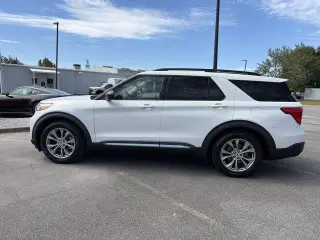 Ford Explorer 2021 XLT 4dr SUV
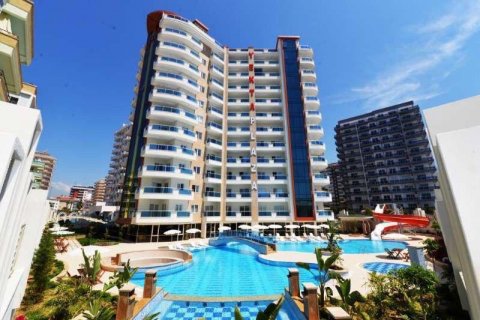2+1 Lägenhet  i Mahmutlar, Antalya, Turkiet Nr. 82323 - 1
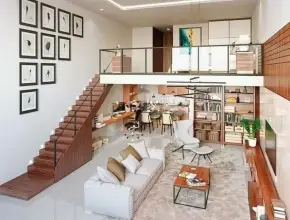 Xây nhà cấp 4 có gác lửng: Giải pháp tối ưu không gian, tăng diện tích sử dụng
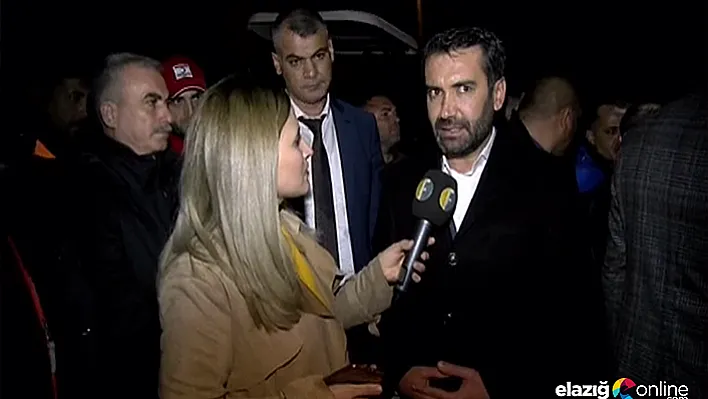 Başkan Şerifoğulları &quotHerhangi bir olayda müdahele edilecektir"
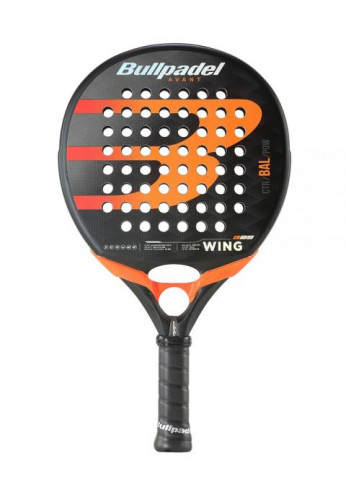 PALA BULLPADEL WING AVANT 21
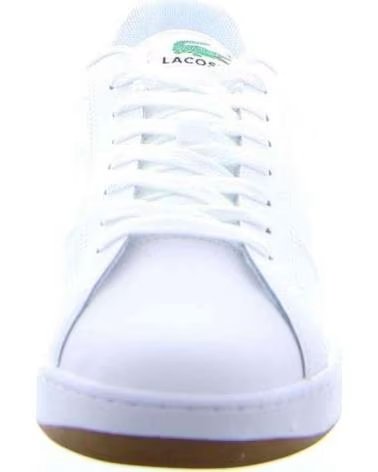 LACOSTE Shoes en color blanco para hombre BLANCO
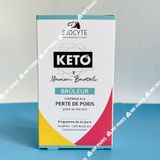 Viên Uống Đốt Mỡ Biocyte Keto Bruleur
──────
- What needs to be done: Word for word and without pictures, restate only the lines running from the one that contains "Başkan Şerifoğulları &quotHerhangi" through the last line of the listing above.

- Answer for this exercise:
 Başkan Şerifoğulları &quotHerhangi bir olayda müdahele edilecektir"
 PALA BULLPADEL WING AVANT 21
 LACOSTE Shoes en color blanco para hombre BLANCO
 Viên Uống Đốt Mỡ Biocyte Keto Bruleur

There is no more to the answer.